Ganas: a ver lo que duran


                Para hacer cualquier cosa, y hacerla bien, se necesitan ganas. Y, aunque es verdad que el oficio puede suplir en más de una ocasión a las ganas, no lo es menos que con esa chispa las cosas siempre salen mejor. Las ganas con que se hace algo pueden suponer la línea que separa lo correcto de lo extraordinario, lo bueno de lo mejor. Las ganas también formar parte del título de muchas películas, como Tengo ganas de ti o Ganas de triunfar. Así que no nos quedemos con las ganas.

                En nuestro teatro, las ganas no son necesarias, pero sí muy convenientes. Aunque lo realmente difícil no es tenerlas, sino conservarlas. Porque a veces cuesta, y mucho.

                Cuando nos ponemos la toga por primera vez, las ganas nos inundan. Tanto, que como no nos controlemos, podemos incluso naufragar. Recuerdo en más de una ocasión que letrados o letradas que entraban por primera vez en sala, tropezaban al acceder a estrados en su intento de parecer dueños de sus nervios y su templanza. En otros, se lleva todo tan preparado que el informe puede exceder con mucho de lo que se esperaba, y produce el efecto contrario al pretendido -ya se sabe que lo bueno, si breve, dos veces bueno-, esto es ver, vencer y convencer.

                Pero las ganas, importantes sin duda, no bastan. Han de combinarse con una serie de requisitos, como la profesionalidad o la prudencia, aunque no lo parezca. No se puede entrar como un elefante en una cacharrería en algunos escenarios.

                Recuerdo, allá por la noche de los tiempos, a una juez que preparaba un interrogatorio importante con muchas ganas. Era su primer caso importante, y quiso prever todo lo que podía pasar, y tenía un folio lleno de diagramas con posibilidades en las que el interrogaba daba una versión u otra ponía una justificación u otra, o negaba de manera contumaz. Había previsto tantas cosas que, cuando el imputado -entonces se llamaba así al investigado- dijo que lo admitía todo y que reconocía los hechos, se quedó tan desorientada que no sabía cómo reaccionar. Las ganas de hacerlo bien, sin duda, le pudieron. Menos mal que en unos minutos se repuso y recondujo las cosas. Pero luego, en un aparte, me dijo que aquello era lo único que no había previsto, en sus ganas de hacer un interrogatorio que pillara al culpable que ella suponía renuente. Cosas de la vida toguitaconada.

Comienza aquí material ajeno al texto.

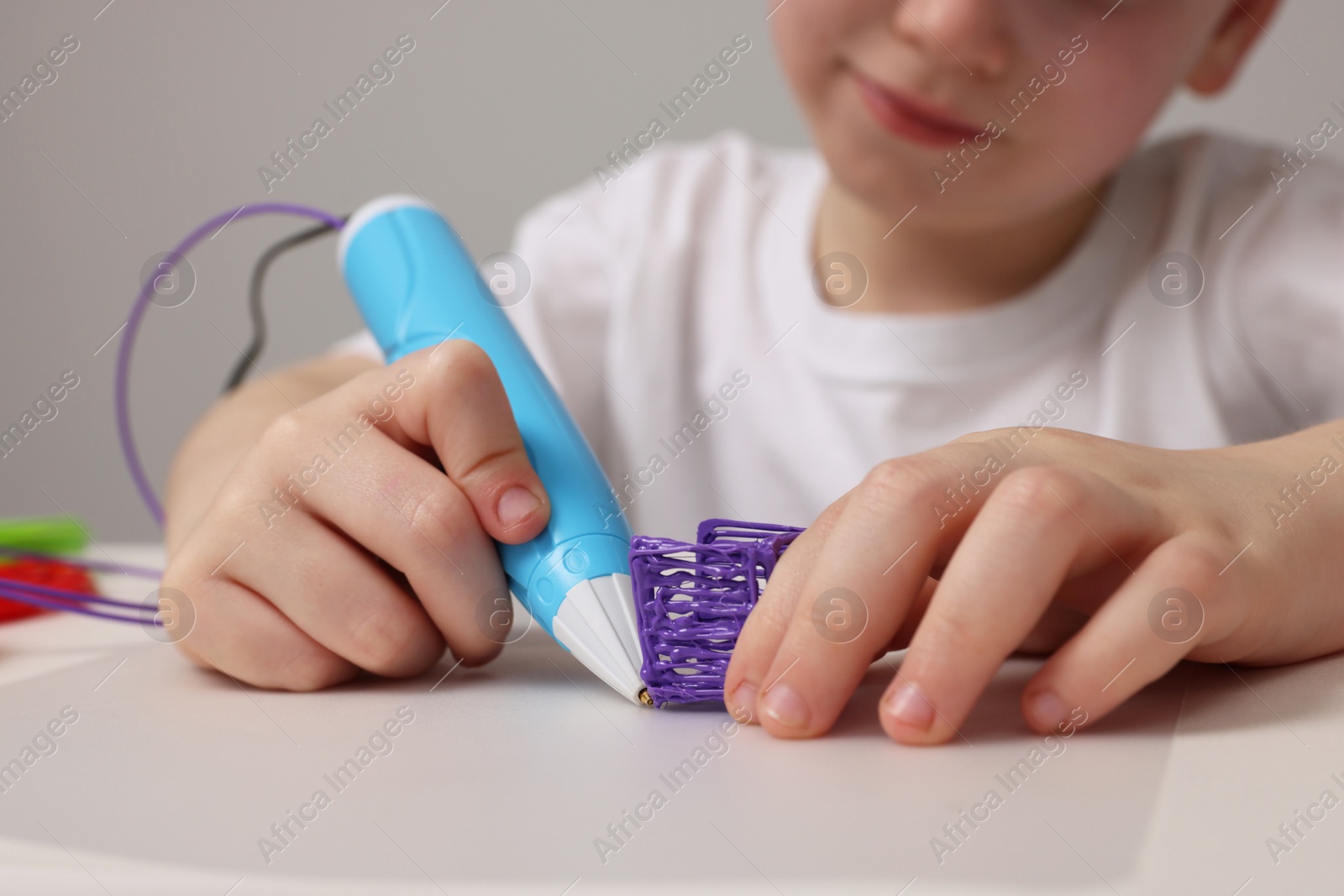 Photo of Boy drawing with stylish 3D pen at white table, closeup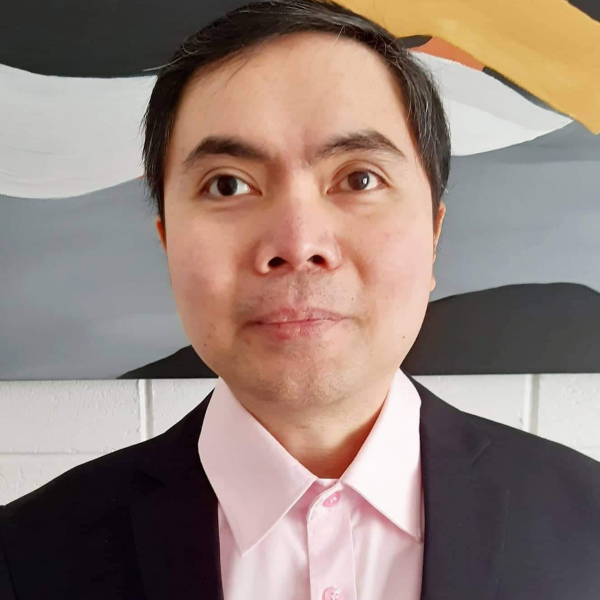 Julius looking confident and relaxed in a suit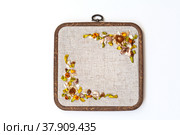 Needlework and hobbies. Hand embroidery with satin ribbons of a floral ornament at the corners of a square frame on a white background (embroidery was made by the author of the photo). Flat lay, copy space, close-up. Стоковое фото, фотограф Виктория Катьянова / Фотобанк Лори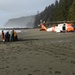 The Coast Guard helps remove trash from a beach near Neah Bay, Wash.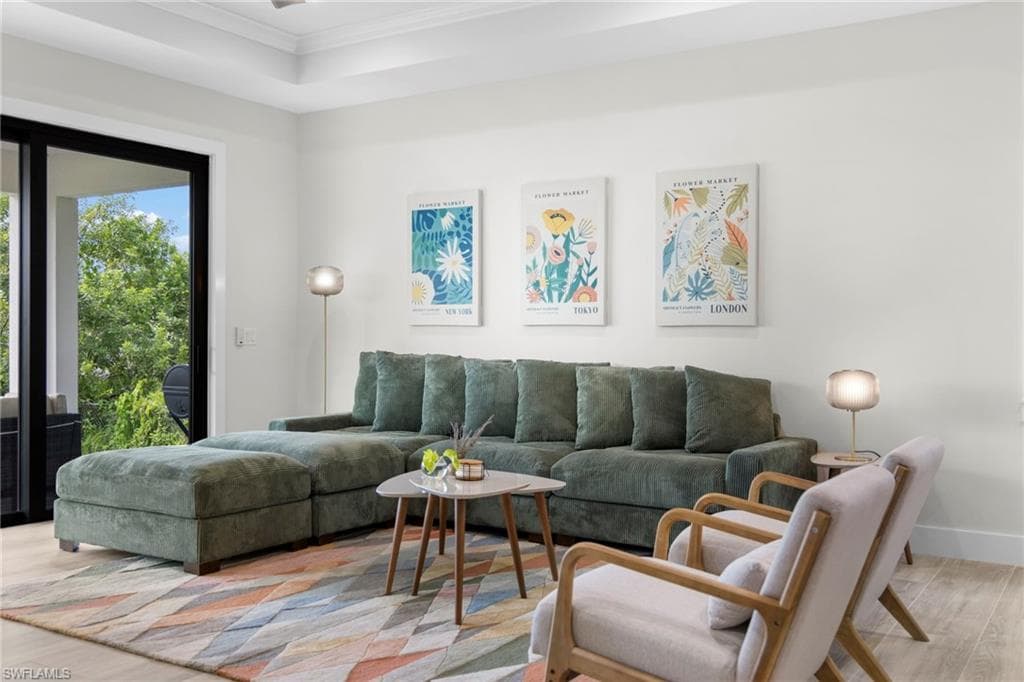 Living area with light wood-finish flooring and white walls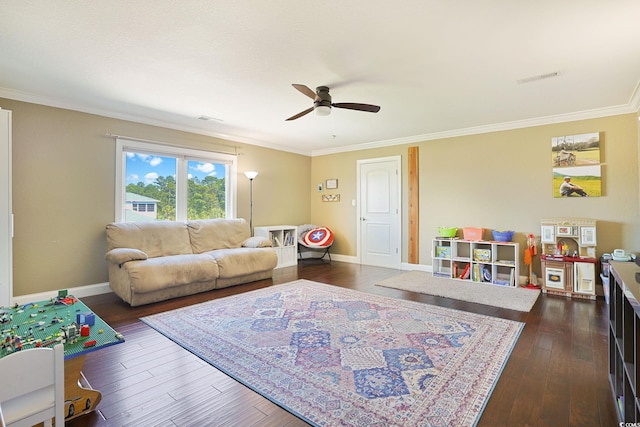 rec room featuring crown molding, dark wood-type flooring, and ceiling fan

                En otras ocasiones, son las ganas de quedar bien las que acaban jugando una mala pasada, vengan de donde vengan. Cualquiera que lleve tiempo en nuestro mundo se habrá encontrado con acusados o testigos con tantas ganas de ganarse al tribunal que acaban fastidiándola. Cosas como tratamientos excesivos -Su excelencia, su majestad-, inadecuados -Su señorita-, ser demasiado untuoso hasta e extremo de parecer “pelota” o ser más papista que el papa, suelen dar malos resultados. Aunque hay algunos casos en que esas ganas de hacerlo todo bien producen una mezcla de hilaridad y ternura, como testigos empeñados en levantar la mano o buscando una biblia sobre la que jurar como si estuvieran en una película.

                No obstante,  a mi me encanta la gente que viene con ganas de darlo todo. Es algo que experimento todos los años cuando me hago cargo de tutorizar tanto alumnos y alumnas de Practicum como fiscales en prácticas del Centro de Estudios Judiciales. Siempre pienso que un día yo fui igual, y trato de transmitirles la misma ilusión que mi tutor me transmitió a mí. Reconozco que el chute de juventud y ganas se ha convertido en casi imprescindible para mí, y que me suelen aportar mucho más de lo que yo pueda aportarles a ellos. De hecho, me recuerdan por qué decidí un día ya lejano dedicarme a lo que me dedico, más allá de los automatismos y rutinas en los que es inevitable caer. Y eso se agradece mucho

                Así que hoy el aplauso se lo voy a dar a todas las personas que nos contagian sus ganas, aunque puedan parecer excesivas. Tiempo tendrán de canalizarlas.